L’affaire est ketchup
Subvention de 2 millions $ à Kraft Heinz qui n’achète pas ses tomates au Québec
Québec accorde un prêt de 2 millions de dollars au géant américain Kraft Heinz, qui achète ses tomates des États-unis, le jour même où il lance en grande pompe sa campagne Achetons québécois!
« Pour l’instant, je ne peux pas me prononcer là-dessus, mais notre objectif, c’est vraiment de faire ça au Canada », s’est limitée à dire au Journal Danielle Nguyen, directrice de l’usine Kraft Heinz à MontRoyal, quand on lui a demandé si elle prévoyait acheter ses tomates au Québec.
Hier matin, Québec a accordé un prêt de 2 millions de dollars, par l’entremise du programme ESSOR, à Kraft Heinz Canada pour une ligne de production de ketchup à son usine de Mont-royal, qui ira chercher ses fruits aux États-unis, mais pourra y apposer l’étiquette « Fabriqué au Québec ».
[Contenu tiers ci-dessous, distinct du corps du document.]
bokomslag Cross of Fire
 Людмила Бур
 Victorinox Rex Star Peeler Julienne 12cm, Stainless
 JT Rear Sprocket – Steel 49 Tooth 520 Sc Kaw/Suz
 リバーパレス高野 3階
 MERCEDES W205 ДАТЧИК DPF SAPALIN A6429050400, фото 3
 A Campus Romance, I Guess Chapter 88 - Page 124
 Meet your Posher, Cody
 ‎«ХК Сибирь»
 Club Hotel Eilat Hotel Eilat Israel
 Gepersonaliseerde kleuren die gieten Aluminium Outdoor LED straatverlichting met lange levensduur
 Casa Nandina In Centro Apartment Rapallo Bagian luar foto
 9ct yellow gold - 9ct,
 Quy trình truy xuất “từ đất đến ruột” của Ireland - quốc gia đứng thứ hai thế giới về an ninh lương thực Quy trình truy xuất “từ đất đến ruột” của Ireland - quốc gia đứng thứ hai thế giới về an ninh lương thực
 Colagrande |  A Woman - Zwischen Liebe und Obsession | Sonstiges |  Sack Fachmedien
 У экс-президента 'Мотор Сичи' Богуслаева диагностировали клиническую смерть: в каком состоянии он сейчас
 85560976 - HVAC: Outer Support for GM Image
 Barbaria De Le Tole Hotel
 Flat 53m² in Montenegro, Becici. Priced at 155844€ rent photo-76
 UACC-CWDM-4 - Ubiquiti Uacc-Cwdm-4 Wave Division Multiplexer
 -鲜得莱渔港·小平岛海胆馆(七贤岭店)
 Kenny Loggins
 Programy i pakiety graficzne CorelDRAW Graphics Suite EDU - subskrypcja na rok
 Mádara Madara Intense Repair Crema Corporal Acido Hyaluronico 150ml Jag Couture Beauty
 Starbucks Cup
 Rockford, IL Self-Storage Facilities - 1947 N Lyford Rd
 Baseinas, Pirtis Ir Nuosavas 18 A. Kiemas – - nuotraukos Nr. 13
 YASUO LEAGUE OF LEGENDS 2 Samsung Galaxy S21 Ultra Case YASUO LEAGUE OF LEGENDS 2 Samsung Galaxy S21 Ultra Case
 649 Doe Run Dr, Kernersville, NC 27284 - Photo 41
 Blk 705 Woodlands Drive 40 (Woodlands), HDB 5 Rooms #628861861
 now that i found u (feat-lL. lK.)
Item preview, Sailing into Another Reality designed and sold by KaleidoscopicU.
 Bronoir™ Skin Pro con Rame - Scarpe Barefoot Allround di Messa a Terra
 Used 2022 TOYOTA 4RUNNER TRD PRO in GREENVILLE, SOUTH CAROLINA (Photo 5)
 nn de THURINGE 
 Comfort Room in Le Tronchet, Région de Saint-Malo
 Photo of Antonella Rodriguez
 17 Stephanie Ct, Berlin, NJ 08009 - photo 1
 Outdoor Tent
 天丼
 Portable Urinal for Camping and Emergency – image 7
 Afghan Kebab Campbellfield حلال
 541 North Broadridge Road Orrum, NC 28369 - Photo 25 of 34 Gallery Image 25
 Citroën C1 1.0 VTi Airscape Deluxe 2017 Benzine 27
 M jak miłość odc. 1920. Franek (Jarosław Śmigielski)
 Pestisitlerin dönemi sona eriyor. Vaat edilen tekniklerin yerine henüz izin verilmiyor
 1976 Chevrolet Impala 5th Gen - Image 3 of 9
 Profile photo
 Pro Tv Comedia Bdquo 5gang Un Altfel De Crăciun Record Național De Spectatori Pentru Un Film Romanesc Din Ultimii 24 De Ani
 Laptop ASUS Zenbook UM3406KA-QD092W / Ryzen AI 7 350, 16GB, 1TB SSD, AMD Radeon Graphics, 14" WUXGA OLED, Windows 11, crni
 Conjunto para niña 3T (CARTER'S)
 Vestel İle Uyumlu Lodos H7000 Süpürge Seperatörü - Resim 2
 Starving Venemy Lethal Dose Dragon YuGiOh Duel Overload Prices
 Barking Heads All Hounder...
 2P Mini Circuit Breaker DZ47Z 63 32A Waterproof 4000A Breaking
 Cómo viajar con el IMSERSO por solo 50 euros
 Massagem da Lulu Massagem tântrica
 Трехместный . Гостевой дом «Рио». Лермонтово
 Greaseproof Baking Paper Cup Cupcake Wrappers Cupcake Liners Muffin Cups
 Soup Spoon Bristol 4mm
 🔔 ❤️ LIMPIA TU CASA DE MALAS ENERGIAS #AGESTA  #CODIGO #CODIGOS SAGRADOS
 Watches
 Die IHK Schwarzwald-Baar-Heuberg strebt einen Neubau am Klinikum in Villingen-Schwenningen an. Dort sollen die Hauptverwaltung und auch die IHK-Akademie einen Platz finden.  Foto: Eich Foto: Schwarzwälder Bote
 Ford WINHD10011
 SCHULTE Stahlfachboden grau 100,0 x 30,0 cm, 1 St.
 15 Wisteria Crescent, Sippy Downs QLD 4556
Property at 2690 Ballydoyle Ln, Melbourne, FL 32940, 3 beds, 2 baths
« Notre approvisionnement de pâte de tomates provient de la Californie parce que l’on a encore des obligations contractuelles. Cependant, lorsque le contrat sera terminé, on planifie de faire notre approvisionnement au Canada », a précisé Danielle Nguyen, directrice de l’usine, qui produira 45 000 tonnes de ketchup ces deux prochaines années.
Au total, le projet de Kraft Heinz de 23,3 millions de dollars devrait créer une trentaine d’emplois payés entre 30 $ et 35 $ l’heure, a ajouté Mme Nguyen. L’investissement devrait permettre de maintenir les 750 autres emplois ici.
« Les contribuables québécois vont offrir un prêt de 2 millions $ à Kraft Heinz Canada pour qu’ils puissent mettre une feuille d’érable sur leur pot de ketchup », a déploré le directeur du Laboratoire en science analytique agroalimentaire de l’université Dalhousie, en Nouvelle-écosse, Sylvain Charlebois.
DU PUR MARKETING ?
Pour Simon-pierre Murdock, cofondateur de Canada Sauce, qui fabrique du ketchup avec des tomates du pays, l’annonce est purement marketing.
« Ce n’est que du beau marketing pour gagner des parts de marché, dans une période de protectionnisme et d’achat local avec le Panier Bleu, mis en place par le gouvernement du Québec. Ce sont des paroles et des actions plutôt contradictoires », a analysé l’homme d’affaires de Chicoutimi.
« Ma mère a reçu un appel de Kraft Heinz aujourd’hui, mais nous, on ne fait pas de tomates de gros. Ce que l’on cueille, on le vend directement aux clients », a partagé pour sa part Mathieu Beauregard, propriétaire de la ferme Mario Beauregard, de Sainte-madeleine.
Pour Pascal Forest, président de la Fédération québécoise des producteurs de fruits et légumes de transformation (FQPFLT), l’entreprise a intérêt à acheter des tomates d’ici.
« J’aimerais ça qu’ils s’approvisionnent au Québec, c’est clair. On est prêt à les rencontrer dès que ça peut leur convenir », a-t-il dit.
« Des conversations entre l’entreprise et les responsables chez Investissement Québec (IQ) concernant l’approvisionnement local en tomates et en bouteilles auront lieu », a souligné de son côté l’attaché de presse du ministre de l’économie, Mathieu St-amand.
Au cabinet du ministre de l’agriculture, André Lamontagne, on a dit aussi espérer que la multinationale se tourne vers le Québec.
« Des conversations entre l’entreprise et notre gouvernement concernant l’approvisionnement local, en tomates et en bouteilles, auront lieu », a indiqué son attachée de presse Laurence Voyzelle, sensiblement dans les mêmes mots.